SPECIFIC HEAT
Is the specific heat of liquid water constant? Fill a 600mL beaker with 400mL of water, and measure the temperature before and after several successive one-minute exposures inside a microwave oven, repeating until you get above about 90^oC. Be sure to stir the water with the thermometer to ensure that all the water is at the same temperature. Is the specific heat constant? Double the mass of water in the oven and measure the temperature change for two separate one-minute trials. Is the result consistent with the calorimetry equation? Using your best values for the temperature change in the beakers, calculate the power output of the oven in watts. How does this power output compare to a typical lightbulb or to the rated output of the oven (if known)?

LATENT HEAT
Measure out 100mL of water, using a graduated cylinder. Put it in a large beaker (at least 200mL) to avoid spills. Bring it to boiling in a microwave oven, and continue boiling for exactly two minutes. (Boiling does not start all at once in all parts of the water, since the microwave heats the water unevenly: use your best judgement of when the boiling starts.) Measure the mass, m, (or, equivalently, the volume) of water that has boiled off. Calculate the latent heat of vaporization in cal/kg, using the value you calculated for the power of the oven last time. The accepted value of L_v is 540cal/kg, which means that if you put a mass, 10m, in the oven, its temperature should rise 54^oC when cooked for two minutes. Test this.

MASS OF A BALLOON
Assuming air to be an ideal gas of molar weight 29g/mole, calculate the pressure of the air inside a balloon by measuring its mass. Be sure to subtract off the mass of the part of the balloon which is not air. If you calculate a pressure less than 1atm, you have fallen into an obvious trap. What is it? Recalculate the pressure. How close to 1atm is it?
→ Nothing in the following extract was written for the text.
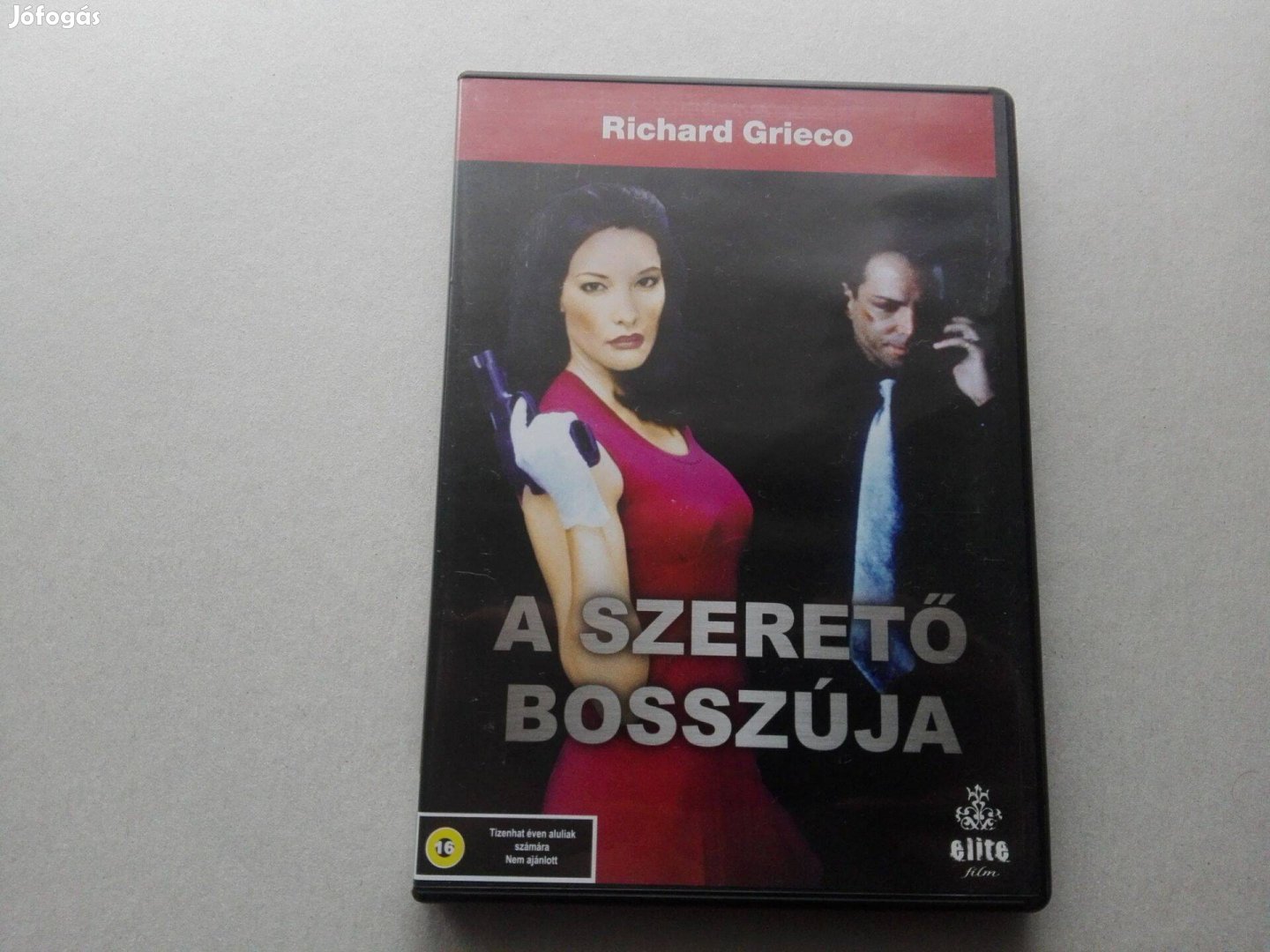 A szerető bosszúja c.eredeti,hibátlan állapotú(magyar)DVD film eladó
LAUNCHING A HOT-AIR BALLOON
Today we will inflate a 0.95m³ tissue-paper hot air balloon, the shell of which has a mass of 138g. In order for the thing to float, we need to heat the air inside to 62^oC, if the surrounding air is 22^o C. (You should be able to calculate these values, but I'm not asking you to.) Calculate the amount of heat needed to get the balloon to float. (We will start with the balloon filled with cold air, rather than uninflated, to simplify your calculation. Is the air heated at constant pressure or constant volume?) Measure the amount of time it takes for a blowtorch to get the balloon to lift. From this, calculate the power output of the torch in W. Does this answer make sense? (How does it compare, for example, to the power output of a lightbulb?)
CAUTION: Use the stovepipe assembly with the blowtorch to avoid fire hazard, and remove the stovepipe from the balloon before turning off the torch. The stovepipe gets very hot once there is no air rushing through it, tissue paper burns very rapidly, and this balloon took hours to piece together.

ENTROPY
Calculate the probability of seeing 1, 2, 3, 4, or 5 'heads' after 5 throws of a coin, assuming that an individual coin toss is exactly 50% likely to yield 'heads'. How many coins would you have to toss to be able to prove whether the probability is exactly 50%?
Throw a fist full of five coins 40 times (for a total of 200 individual coin tosses), counting the number of heads in each batch. Calculate the experimental probability of throwing 1, 2, 3, 4, or 5 'heads' out of five. Also calculate the experimental probability of throwing 5 'heads' out of ten (by grouping together adjacent data). Compare this probability to theory (63/256). Finally, calculate the total probability of tossing a head, using all 200 events in your experiment. Does this tell you anything about how averages depend on the sample size? What does all this have to do with ideal gases and physical materials? (Hint: how many "coin tosses" are there inside a balloon?)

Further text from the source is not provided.